I was not in Tavistock.

No, Madame?

I motored down from London last week
with Mr Lazarus.

We stayed in a little place
called Shallacombe, together.

I see.

I'm still a married woman,
technically.

May I be impertinent, Madame?

Is there such a thing these days?

You care for Monsieur Lazarus?

He's rich.

Oh la la!

That is an ugly thing to say.

Better to say it myself
than to have you say it for me.

You are very intelligent, Madame.

You'll be giving me a diploma next!

I'm going to take some flowers
round to Nick.

Oh, that is very amiable of you.

And I thank you, Madame,
for your frankness.

Very nice. Very nice.

I'm at the Gulls.
A stone's throw from the gasworks.

Chief Inspector, it is so good to see
you. You do not stay here?

The Metropolitan Police lodging
allowance doesn't run to this.

It's a funny old business,
this "End House" malarkey, eh?

As you say, Chief Inspector.

You think these accidents
were all part of it?

Oh, there is no doubt.

You might be right. Be a help
if we could get hold of the gun.

Probably at the bottom of the sea,
if the murderer has any sense.

They mostly haven't.

I'd better have a word
with the dead girl's parents.

They've just got down
from Yorkshire.

Let me know if you have any ideas.

Of that you may be sure, Inspector.

It is all very well
for Madame Rice

to force the richness of
Monsieur Lazarus down our throats.

Yes. I must say that disgusted me.

Mon ami, always you have the right
reaction in the wrong place.

Madame Rice was telling us something.

"I have a friend who is very rich.
He can give me all I need."

"I do not need to murder
my dearest friend for a pittance."

I see.

Poirot, they won't let me see her.

Is this your work?
Have you seen Dr Graham?

Gave the usual guff. "As well as can
be expected. Passed a quiet night."

I know those tricks.
My uncle's in Harley Street.

I think you're at
the bottom of this, Poirot.

Listen, mon ami.

There is no fooling you.

If one guest is to be admitted,
others cannot be kept out.

You comprehend?

I see.

It's all or nothing,
as you might say.

We will say no more.

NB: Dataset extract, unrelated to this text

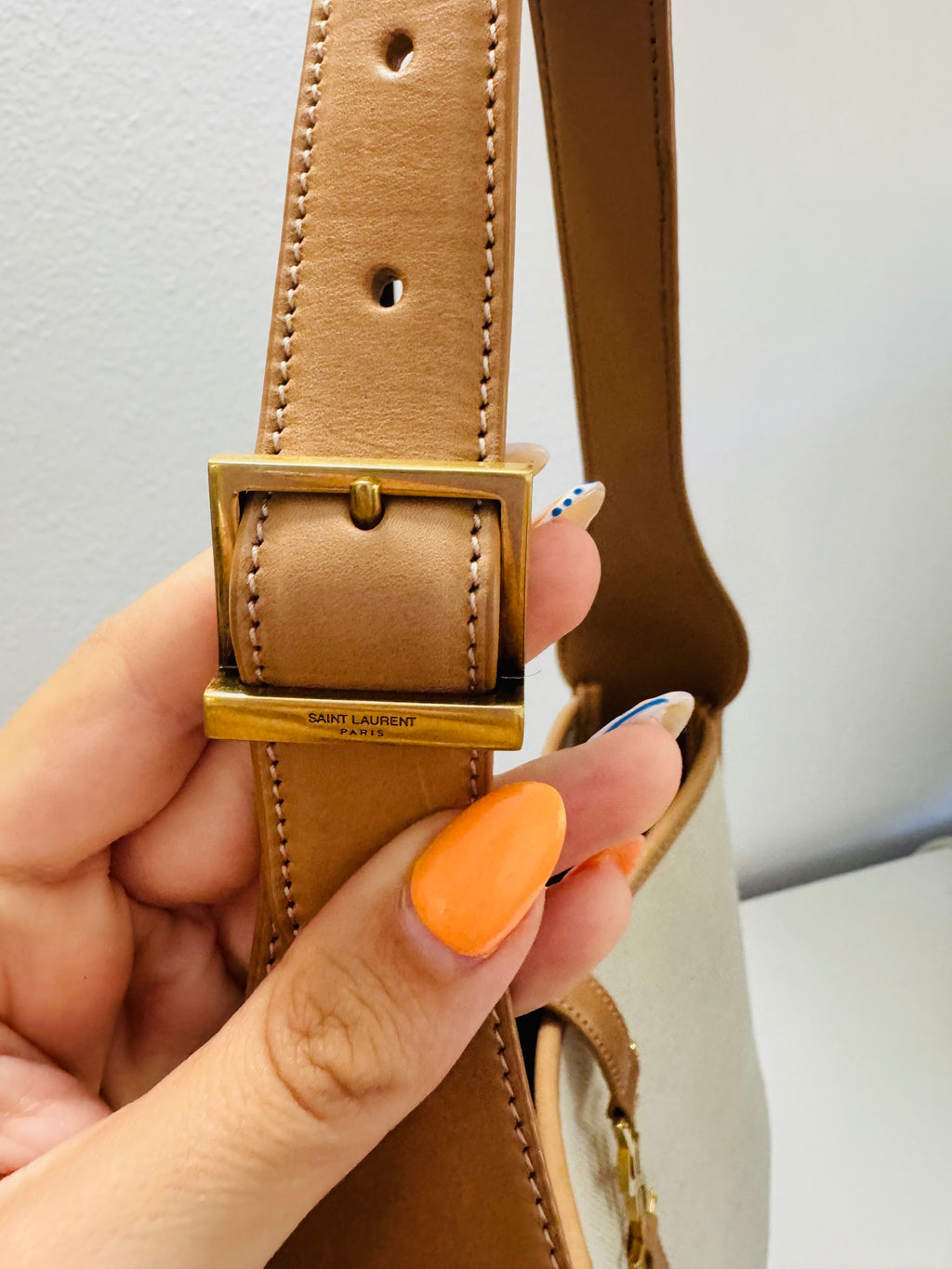 SAINT LAURENT Le 5 à 7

Extreme prudence
is what is needed at the moment.

I can hold my tongue.

Mum's the word, eh?

I'll send her some flowers.
They like flowers, don't they?

May I offer you, Mademoiselle,
my very deepest sympathy.

You know?

Oh, well...

It doesn't matter who knows now.

Now that it's all over.

Now that I'll never see him again.

Courage, Mademoiselle.

I haven't any courage left.

I've used up every bit
in these last weeks.

Waiting and hoping.

Captain Hastings does not know
what we are talking about.

Michael Seton, the airman.

I was engaged to be married to him.

He's dead.

You heard the news last night?

On the wireless.

I made an excuse about
the telephone.

I wanted to hear the news alone,
in case...

I don't want to live.

I don't want to live.

I know. I know.

To all of us, there comes a time
when death seems preferable to life.

The grief, it passes.

You think I'll forget.

Marry someone else?

Never.

But you are fortunate, Mademoiselle.

You have been loved by a brave man.

- When did you get engaged?
- Just after Christmas.

But it had to be a secret,
because of Michael's uncle.

Sir Matthew Seton.

He thought women ruined
a man's life.

He was frightfully proud of Michael.

He financed
the building of the Albatross.

But if Michael had succeeded, he
would have been independent of him.

He would have been a...

I don't know.
A kind of a world hero.

His uncle would have come round
in the end, anyway.

Yes. Yes, I see.

I never told anyone,
not even Freddie.

Even when the uncle of Michael Seton
died a week ago?

It seemed boastful...

while the papers
were full of Michael's flight.

Michael would have hated that.

Mademoiselle, you once mentioned
you had made a will.

Mm.

Where is it, this will?

Oh. Knocking around somewhere.

I'm frightfully untidy, you know.

Papers and things are...

mostly in the writing table,
in the library.

Or maybe in the bedroom. Or maybe...

I'm sorry.

You permit me to
make a search for it, yes?

If you want to.

I was right.

The engagement has a bearing
on the crime?

A week ago, Sir Matthew Seton dies,
one of the wealthiest men in England.

He has a nephew, whom he idolises,

to whom, we assume,
he has left his fortune.

Last Tuesday, the nephew is missing.

On Wednesday,
the attacks on Mademoiselle begin.

Suppose he made his will
before his flight

and left all he had to his fiancee?

In this case, it is not
a paltry inheritance at stake!

It is an enormous fortune.

Ahh!

- I say, you any further?
- Comment?

You're goin' to get
to the bottom of this, aren't ya?

I am the dog who stays on the scent
and does not leave it.

- Hope my alibi's in order
- Alibis are not everything ...

You would like, I think, to marry
Mademoiselle Nick...

- I've always wanted to marry her...
- Precisement! Et bien...

Mademoiselle was the fiancee of another man.
A motive perhaps for killing, n'est-ce pas?.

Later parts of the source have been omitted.